Qwen3.5-4BxOpus-4.6-Code-Reasoning-Full-Distilled-GGUF

A distilled, code-focused variant of Qwen3.5 4B, optimized for efficient local inference in GGUF format. This model targets coding, structured reasoning, and programmatic generation tasks, with optional reasoning traces via thinking mode.


Overview

  • Distilled from Qwen3.5 (4B class)
  • Optimized for llama.cpp inference
  • Strong performance on code and reasoning tasks
  • Supports extended context (practical range: 32K–64K)
  • Compatible with Jinja chat templates
  • Optional thinking mode (may increase latency)

Model Files

  • Qwen3.5-4BxOpus-4.6-Code-Reasoning-Full-Distilled.Q4_K_M.gguf Quantized model (balanced size vs quality)

Example Usage

llama-cli -hf nphearum/Qwen3.5-4BxOpus-4.6-Code-Reasoning-Full-Distilled-GGUF --jinja

Running with llama.cpp

Ensure your build includes:

  • Flash Attention
  • Jinja/chat template support

Server Configuration (Optimized)

llama-server \
  -m Qwen3.5-4BxOpus-4.6-Code-Reasoning-Full-Distilled.Q4_K_M.gguf \
  --port 8001 \
  --alias qwen3.5-4b-opus \
  -c 65536 \
  -n 8192 \
  --no-context-shift \
  --temp 0.6 \
  --top-p 0.95 \
  --top-k 40 \
  --repeat-penalty 1.05 \
  --presence-penalty 0.0 \
  --flash-attn on \
  --fa on \
  --ctk q8_0 \
  --ctv q8_0 \
  --jinja \
  --chat-template-kwargs "{\"enable_thinking\": true}" \
  -ngl -1

Parameter Breakdown

Model Loading

  • -m Loads the GGUF model file

  • --alias Sets a simple API name


Context and Output

  • -c 65536 Context window (recommended for 4B models)
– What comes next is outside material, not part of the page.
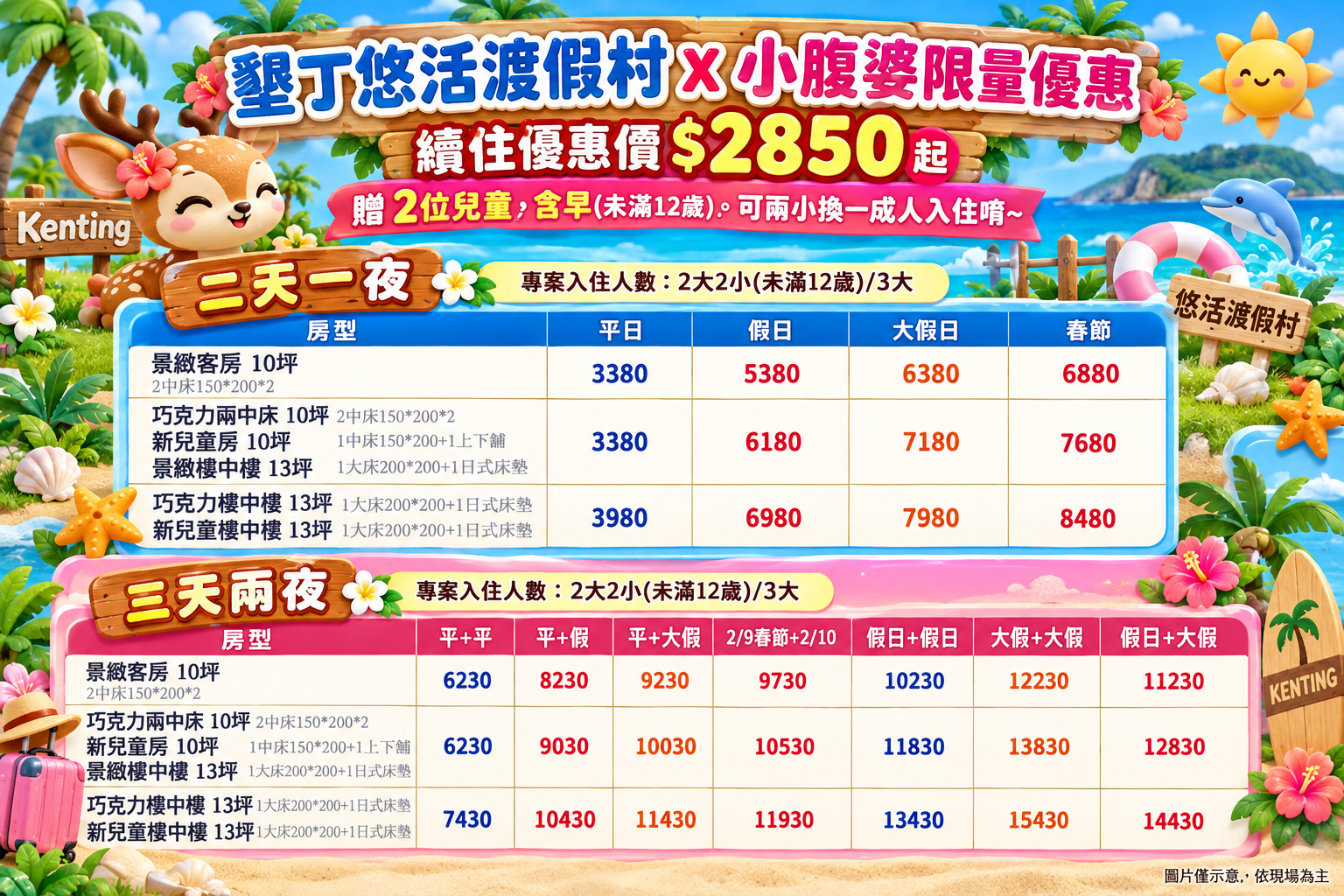 墾丁悠活渡假村｜全包式渡假飯店、有漂漂河滑水道、兒童遊戲區的飯店，早餐可以吃到12:00！優缺點分享給你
  • -n 8192 Maximum output tokens

  • --no-context-shift Prevents automatic truncation of earlier tokens


Sampling Behavior

  • --temp 0.6 Controls randomness

  • --top-p 0.95 Nucleus sampling

  • --top-k 40 Limits token candidates

  • --repeat-penalty 1.05 Reduces repetition (important for code)

  • --presence-penalty 0.0 No penalty for introducing new tokens


Performance and Memory

  • -ngl -1 Full GPU offload

  • --flash-attn on, --fa on Enables faster attention

  • --ctk q8_0, --ctv q8_0 8-bit KV cache (reduces memory usage)


Chat and Reasoning

  • --jinja Enables chat template rendering

  • --chat-template-kwargs Enables thinking mode

Note: Thinking mode may:

  • Improve reasoning quality
  • Increase latency
  • Produce unstable outputs if not aligned with training

Test Request

curl http://localhost:8001/v1/chat/completions \
  -H "Content-Type: application/json" \
  -d '{
    "messages": [
      {"role": "user", "content": "Write a Python function to reverse a linked list"}
    ]
  }'

Recommended Configurations

Coding (deterministic)

--temp 0.4 --top-p 0.9 --top-k 50 --repeat-penalty 1.1

Reasoning (balanced)

--temp 0.6 --top-p 0.95 --top-k 40

Low VRAM

-c 32768 -n 4096 --flash-attn off -ngl 20

Limitations

  • Quality degrades at extreme context lengths (>64K)
  • Thinking mode increases latency
  • Small models (4B) require tighter sampling tuning
  • Performance depends heavily on GPU memory bandwidth

License

Follow the original Qwen license and any additional distillation terms.


Credits

  • Base model: Qwen3.5
  • Distillation: Code and reasoning optimization
  • Runtime: llama.cpp ecosystem

Key Takeaway

This configuration is not a direct copy of larger models (e.g., 30B+). It is tuned specifically for a 4B model to balance:

  • latency
  • memory usage
  • reasoning quality